Amazon’s Last Mile group needed a complete redesign of their website to attract new users to the Delivery Service Partner program. The request was to review the existing site with fresh eyes and zero assumptions, determine where people could be dropping off and why, get users to want to sign up, and to revamp and rebuild the website from the ground up.

Working closely with a small and mighty team that included a copywriter, UX researcher, visual designer, and a developer, the site design went through four iterations and several rounds of testing, starting with a rethinking of the user journey and site architecture, before moving on to wire framing, and high-fidelity, click-through prototypes with both user needs and business goals in mind.


Amazon (Last Mile group)

what I did

Lead designer / UX / IA / Project management


Before the redesign could begin, I did a deep audit of the existing site which revealed several major problems, any one of which could be enough for a visitor to leave the site:

  1. A frustrating user journey that put barriers between the visitor and most information
  2. A “Learn More” button that took the user to a form, rather than a page where they could read about the program
  3. An inaccurately labeled “Start Now” button, that took the user to a marketing page
  4. Hidden financial information

Several moderate issues were also uncovered, such as a circular link that dropped the visitor back onto the same page, an uninspiring webinars page, and links to relevant documents buried in paragraphs of copy.

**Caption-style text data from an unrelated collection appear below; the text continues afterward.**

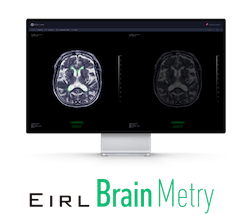 EIRL Brain Metry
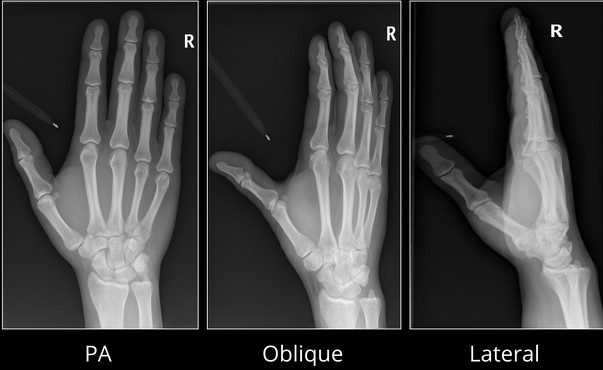 HAND X-RAY (RT/LT) LAT
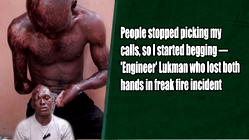 People stopped picking my calls, so I started begging -‘Engineer’ Lukman who lost both hands in freak fire incident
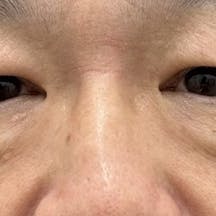 【たるみ】アイバックリムーブ法・ナチュラル脂肪注射コンデンスリッチ_before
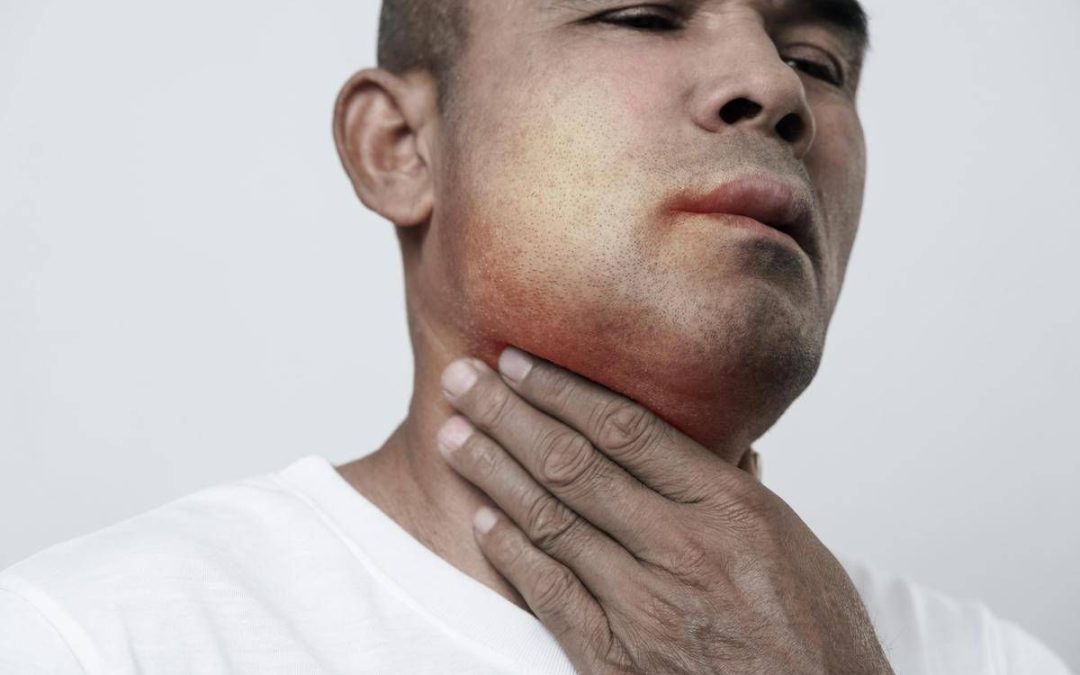 Angioedema ereditario, ok Ue a prima terapia preventiva mirata all’Rna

The first round of user testing with the site confirmed what was uncovered during the audit. Path was unclear, process was not accurate, critical tools were hidden, site became less useful once visitor applied, and most importantly, the Start Now page did not support the user goal and the Learn More button was a roadblock to information. A roadmap to build the new site was now in place: show challenges DSPs go through, make the site useful beyond initial application, add in better forms and tools, and clearly define the user journey.